*WHAT YOU NEED TO DO*.
Go through the data below and work out how many lines contain "Photo"; the answer is the number alone.

Dataset records
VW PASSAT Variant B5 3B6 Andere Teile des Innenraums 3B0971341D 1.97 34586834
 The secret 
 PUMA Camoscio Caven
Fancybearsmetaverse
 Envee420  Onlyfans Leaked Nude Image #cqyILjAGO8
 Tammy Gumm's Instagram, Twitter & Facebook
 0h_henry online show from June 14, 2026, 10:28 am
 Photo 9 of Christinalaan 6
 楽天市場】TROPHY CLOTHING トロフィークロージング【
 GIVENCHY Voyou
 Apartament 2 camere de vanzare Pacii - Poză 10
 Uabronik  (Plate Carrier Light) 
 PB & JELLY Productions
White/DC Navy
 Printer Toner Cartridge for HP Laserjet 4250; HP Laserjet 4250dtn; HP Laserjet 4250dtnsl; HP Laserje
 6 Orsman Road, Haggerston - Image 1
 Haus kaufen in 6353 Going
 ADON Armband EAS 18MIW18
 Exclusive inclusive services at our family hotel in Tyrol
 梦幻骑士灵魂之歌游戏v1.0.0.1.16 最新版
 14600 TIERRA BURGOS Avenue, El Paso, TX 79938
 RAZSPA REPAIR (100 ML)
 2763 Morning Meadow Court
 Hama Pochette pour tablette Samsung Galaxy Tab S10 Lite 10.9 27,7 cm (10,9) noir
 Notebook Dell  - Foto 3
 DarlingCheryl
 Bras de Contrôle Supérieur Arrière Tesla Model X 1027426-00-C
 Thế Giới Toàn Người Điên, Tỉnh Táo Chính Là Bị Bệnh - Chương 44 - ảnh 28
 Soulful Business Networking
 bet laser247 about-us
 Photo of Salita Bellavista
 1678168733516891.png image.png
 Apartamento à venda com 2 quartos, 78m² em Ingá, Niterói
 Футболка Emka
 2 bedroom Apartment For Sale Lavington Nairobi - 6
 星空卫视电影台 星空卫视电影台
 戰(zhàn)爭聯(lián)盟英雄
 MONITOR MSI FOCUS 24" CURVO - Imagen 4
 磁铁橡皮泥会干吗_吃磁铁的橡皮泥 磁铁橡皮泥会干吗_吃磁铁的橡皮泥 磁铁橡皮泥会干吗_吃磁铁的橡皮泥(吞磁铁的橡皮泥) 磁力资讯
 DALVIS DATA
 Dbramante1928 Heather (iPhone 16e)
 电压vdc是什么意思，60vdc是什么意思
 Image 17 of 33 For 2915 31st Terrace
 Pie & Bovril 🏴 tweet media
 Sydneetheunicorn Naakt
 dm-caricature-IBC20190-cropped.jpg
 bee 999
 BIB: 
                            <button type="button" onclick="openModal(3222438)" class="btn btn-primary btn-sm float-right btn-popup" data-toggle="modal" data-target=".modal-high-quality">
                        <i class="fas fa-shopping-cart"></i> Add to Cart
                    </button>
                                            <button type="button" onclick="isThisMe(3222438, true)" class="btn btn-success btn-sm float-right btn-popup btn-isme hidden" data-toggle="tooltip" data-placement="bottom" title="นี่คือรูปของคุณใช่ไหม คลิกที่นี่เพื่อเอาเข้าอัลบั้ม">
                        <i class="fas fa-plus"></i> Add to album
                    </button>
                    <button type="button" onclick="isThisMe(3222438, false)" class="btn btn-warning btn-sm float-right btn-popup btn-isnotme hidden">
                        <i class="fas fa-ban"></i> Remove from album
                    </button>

*WRITTEN ANSWER*.
2